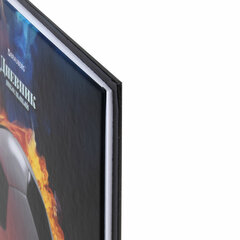 Дневник 5-11 класс 48 л., твердый, BRAUBERG, глянцевая ламинация, с подсказом, &laquo;Футбол&raquo;, 106880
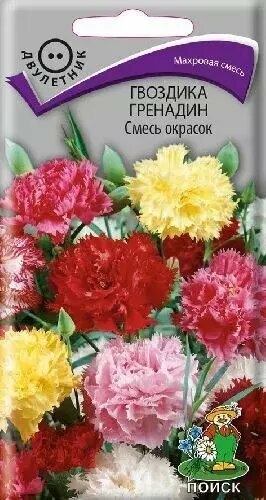 Гвоздика Гренадин смесь окрасок семена Поиск 025г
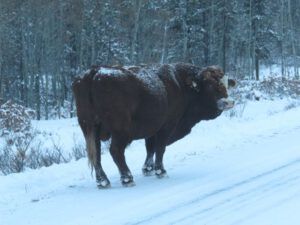 10. bull (Christmas Shopping)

——

* [Problem statement] Please keep every line of the data the same when you reproduce it, and keep every picture out.

* [Expected answer]
 Дневник 5-11 класс 48 л., твердый, BRAUBERG, глянцевая ламинация, с подсказом, &laquo;Футбол&raquo;, 106880
 Гвоздика Гренадин смесь окрасок семена Поиск 025г
 10. bull (Christmas Shopping)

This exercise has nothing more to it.